Kovacs, George, and C. W. Marshall, eds. Classics and Comics. New York: Oxford University Press, 2011. 265 pp. Paperback. ISBN 978-0-19-973419-1. $29.95.
From Rene Goscinny and Albert Uderzo's Asterix to Stan Lee, Larry Leiber, and Jack Kirby's adaption of the Thor figure, mythology has provided fertile content for comics. Hercules, for example, seems commissioned for the comics panel. The hyperbole, the heroes, and the graphic descriptions make mythology easily translatable into comics. Classics and Comics taps into these two forms of popular culture: comics, the paragon of disposable culture, and classical mythology, the stories underlying so much of our collective unconscious. The editors, George Kovacs and C. W. Marshall, are interested in the ways in which comics and classical mythology or "the Classics" intersect, and they acknowledge that this is a book intended for "the capeless classical scholar" (5). All the contributors except for cartoonist Eric Shanower are classicists, most involved in academia.
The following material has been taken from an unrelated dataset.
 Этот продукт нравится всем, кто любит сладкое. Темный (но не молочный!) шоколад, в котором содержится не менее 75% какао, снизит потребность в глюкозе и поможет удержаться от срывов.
Unlike other texts that merely use comics as case studies, however, Classics and Comics gives comics their due respect as a unique medium with its own history.
The book's introduction sets a positive tone, offering a succinct history of comics and a concise definition of the medium. Happily missing is the defensive tone by which so many studies of comics are limited. Perhaps this is because the classics are respected and entrenched in the academy so that the editors did not feel pressured to validate the project. These scholars lend legitimacy to comics studies by offering their own prestige. Following the introduction, the book is divided into four sections: "Seeing the Past through Sequential Art," "Gods and Superheroes," "Drawing (on) History," and "The Desires of Troy." There are sixteen distinct essays, each written by a different author. While there are too many to address each here, I will note a few that I think best demonstrate the tone and scope of this collection. While I do not agree with every essay's observations and conclusion, this does not detract from the book's worth because the mark of a good collection is a multivalent approach.
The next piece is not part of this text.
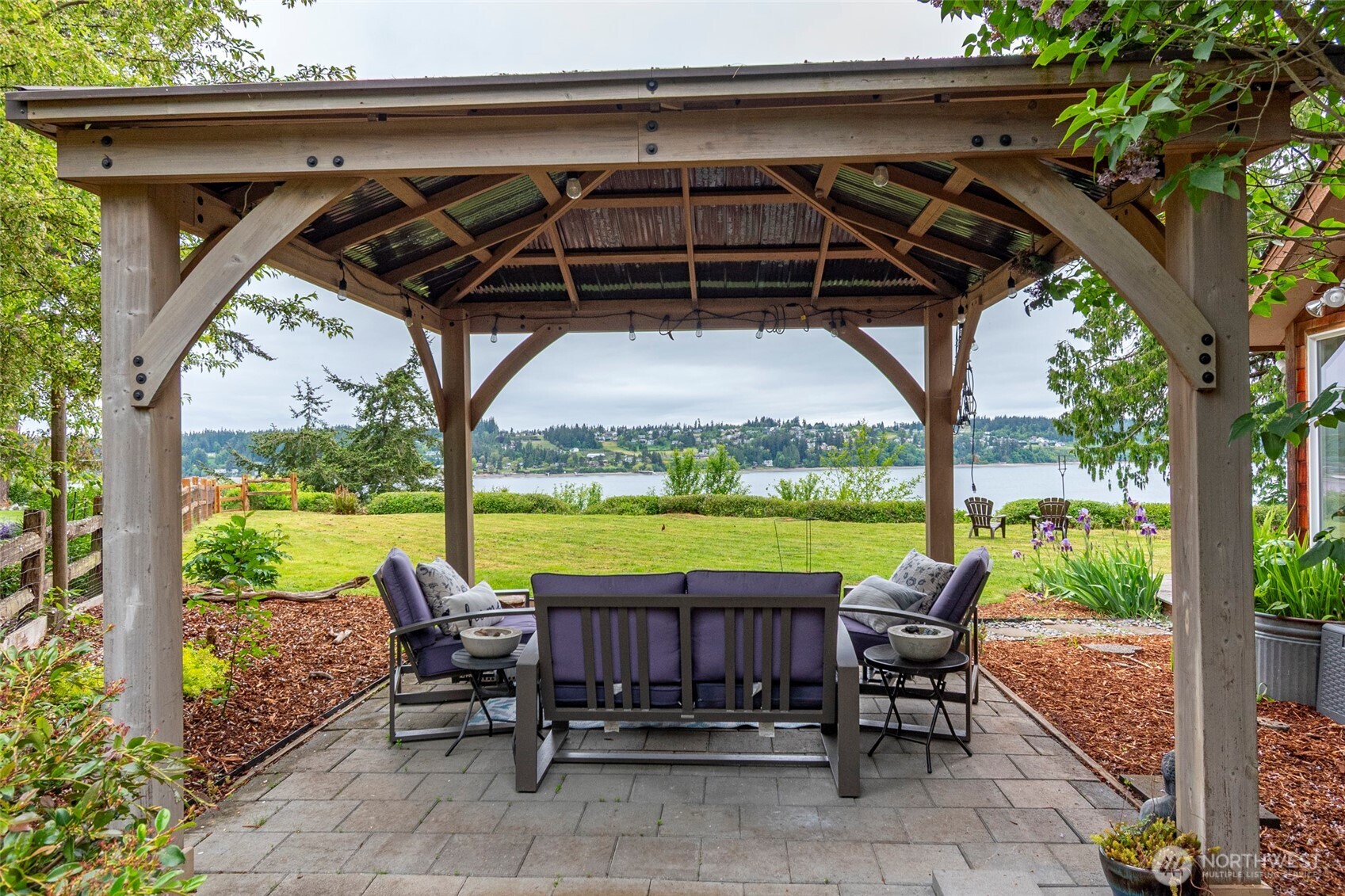 5222 East Harbor Road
Before attending to the chapters themselves, one should note a particular strength of this collection: images. Ironically, integral but absent from so many studies on comics are good illustrations. Copyright permission and reproduction costs can be prohibitive for the inclusion of panels, but this book has wonderful full-page illustrations, albeit all in black and white. Noteworthy are a 1965 Steve Ditko cover of Spider-Man and a full page of Wonder Woman and the Furies from J. G. Jones's 2002 Wonder Woman: The Hiketeia. The visuals allow the comics novice, as well as the reader familiar with Marvel's Ares miniseries, to appreciate the discussion. Turning now to the inclusions in the volume, Kovacs explains that "It is not only the characters of myth and history who are appropriated to the comics medium, of course. Allusion, metaphor, and imagery allow writers to borrow narrative patterns and motifs from the ancient world, regardless of whether their texts explicitly acknowledge this engagement" (20). In other words, Classics and Comics is not merely thematically literal, but also a theoretical analysis of the form and techniques of comics. The essays approach this task in a variety of ways.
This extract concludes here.